I was recently referred to this recipe supposedly penned by Andrew “Bug Breath” Zimmern, which is published on the website of the world’s worst culinary magazine, Food & Wine. Fish Sauce Caramel – sounds edgy! Further reading reveals that the recipe is pompous, intimidating, unbalanced and worst of all, BORING.

the goodsOooooo but it’s got “Asian Fish Sauce” in it. F&W Bitches, please – I drink “Asian Fish Sauce” or as we call it, fish sauce, from a FLASK.

The concept is sound, it’s a loose interpretation of a vietnamese nuoc cham, but it’s too lose and really leaves a lot to be desired.
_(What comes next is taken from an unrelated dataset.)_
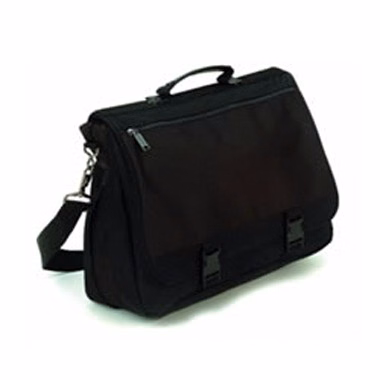 600D Polyester Corporate Raider Expandable Briefcase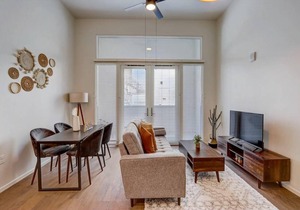 84 m² Apartment ∙ 2 bedrooms ∙ 4 guests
So I’m here to rescue this poor concept from the obscurity of what the mentally handicapped authors of F&W consider “unusual”.

Caramel Nuoc Cham, Rogue Estate style:

  • 2 C Sugar
  • 1 Tbl Lemon Juice
  • 1/4 C Water

Combine the Sugar, water and lemon juice in a 6 qt saucepan over medium high until it caramelizes. 15-20 minutes depending on your cooktop. stir occasionally not obsessively. When it gets to a pleasing caramel color, reduce the heat to the warm/simmer and stir in the following:

  • 1/2 tsp Cinnamon Powder
  • 1/2 tsp Star Anise Powderimage
  • 1/2 tsp Garlic Powder
  • 1/4 tsp Ginger Powder
  • 1 tsp Sambal Chili Paste (or Sriracha pepper sauce.)
  • 1 tsp Ground Black Pepper
  • 2 Tbl Rice Vinegar
  • 1/4 C Fish Sauce (the brand is really unimportant here.)
  • 1/4 C Water
  • 2 C finely diced Red or White Onion (whichever you prefer.)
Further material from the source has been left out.